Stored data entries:
BEGIN
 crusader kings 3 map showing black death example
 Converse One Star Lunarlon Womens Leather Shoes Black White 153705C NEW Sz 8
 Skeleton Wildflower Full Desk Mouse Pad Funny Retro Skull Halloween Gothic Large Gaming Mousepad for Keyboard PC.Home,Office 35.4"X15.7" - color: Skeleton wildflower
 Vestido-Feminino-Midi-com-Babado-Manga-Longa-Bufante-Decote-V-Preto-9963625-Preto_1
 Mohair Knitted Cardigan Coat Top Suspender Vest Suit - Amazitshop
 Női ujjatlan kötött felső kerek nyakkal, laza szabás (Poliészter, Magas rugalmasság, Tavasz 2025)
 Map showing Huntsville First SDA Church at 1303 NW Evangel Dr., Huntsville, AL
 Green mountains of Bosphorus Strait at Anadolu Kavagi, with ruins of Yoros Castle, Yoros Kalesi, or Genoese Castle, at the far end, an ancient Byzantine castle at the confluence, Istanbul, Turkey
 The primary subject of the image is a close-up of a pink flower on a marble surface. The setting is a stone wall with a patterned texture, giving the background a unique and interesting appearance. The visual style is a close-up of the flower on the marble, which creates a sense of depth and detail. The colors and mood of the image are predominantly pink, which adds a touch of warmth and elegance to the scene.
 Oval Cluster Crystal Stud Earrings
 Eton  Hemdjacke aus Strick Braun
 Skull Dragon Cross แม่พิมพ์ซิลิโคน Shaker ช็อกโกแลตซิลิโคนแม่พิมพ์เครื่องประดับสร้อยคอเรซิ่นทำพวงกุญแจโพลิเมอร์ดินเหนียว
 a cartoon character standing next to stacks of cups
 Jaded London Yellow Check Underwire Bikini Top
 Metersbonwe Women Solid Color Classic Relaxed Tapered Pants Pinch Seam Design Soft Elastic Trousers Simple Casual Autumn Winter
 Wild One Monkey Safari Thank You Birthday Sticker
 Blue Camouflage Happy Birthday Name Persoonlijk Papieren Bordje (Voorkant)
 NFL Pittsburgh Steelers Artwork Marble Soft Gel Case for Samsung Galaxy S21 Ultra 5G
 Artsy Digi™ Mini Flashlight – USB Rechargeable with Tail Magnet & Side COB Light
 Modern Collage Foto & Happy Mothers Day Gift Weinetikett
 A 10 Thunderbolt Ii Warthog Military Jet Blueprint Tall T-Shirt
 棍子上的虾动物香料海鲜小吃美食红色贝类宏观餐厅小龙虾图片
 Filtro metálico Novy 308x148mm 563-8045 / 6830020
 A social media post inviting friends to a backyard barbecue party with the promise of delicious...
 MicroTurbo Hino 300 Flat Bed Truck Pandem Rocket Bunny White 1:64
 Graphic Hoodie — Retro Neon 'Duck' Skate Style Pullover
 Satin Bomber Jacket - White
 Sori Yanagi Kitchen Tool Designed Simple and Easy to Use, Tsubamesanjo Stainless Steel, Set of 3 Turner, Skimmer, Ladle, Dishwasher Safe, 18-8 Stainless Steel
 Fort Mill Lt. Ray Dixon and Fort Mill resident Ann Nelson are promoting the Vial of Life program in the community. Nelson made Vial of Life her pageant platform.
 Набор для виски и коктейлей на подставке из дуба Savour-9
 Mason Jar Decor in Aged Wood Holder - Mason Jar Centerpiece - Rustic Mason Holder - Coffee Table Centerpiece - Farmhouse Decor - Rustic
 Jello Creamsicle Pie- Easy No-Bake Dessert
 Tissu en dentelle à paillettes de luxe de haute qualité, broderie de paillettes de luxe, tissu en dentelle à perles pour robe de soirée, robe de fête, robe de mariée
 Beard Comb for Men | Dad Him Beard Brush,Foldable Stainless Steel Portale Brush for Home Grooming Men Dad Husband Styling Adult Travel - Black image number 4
END
Each line in the entries above, starting at the line with "a cartoon character" and ending at the line with "NFL Pittsburgh Steelers", is to be printed exactly, and only those lines.

 a cartoon character standing next to stacks of cups
 Jaded London Yellow Check Underwire Bikini Top
 Metersbonwe Women Solid Color Classic Relaxed Tapered Pants Pinch Seam Design Soft Elastic Trousers Simple Casual Autumn Winter
 Wild One Monkey Safari Thank You Birthday Sticker
 Blue Camouflage Happy Birthday Name Persoonlijk Papieren Bordje (Voorkant)
 NFL Pittsburgh Steelers Artwork Marble Soft Gel Case for Samsung Galaxy S21 Ultra 5G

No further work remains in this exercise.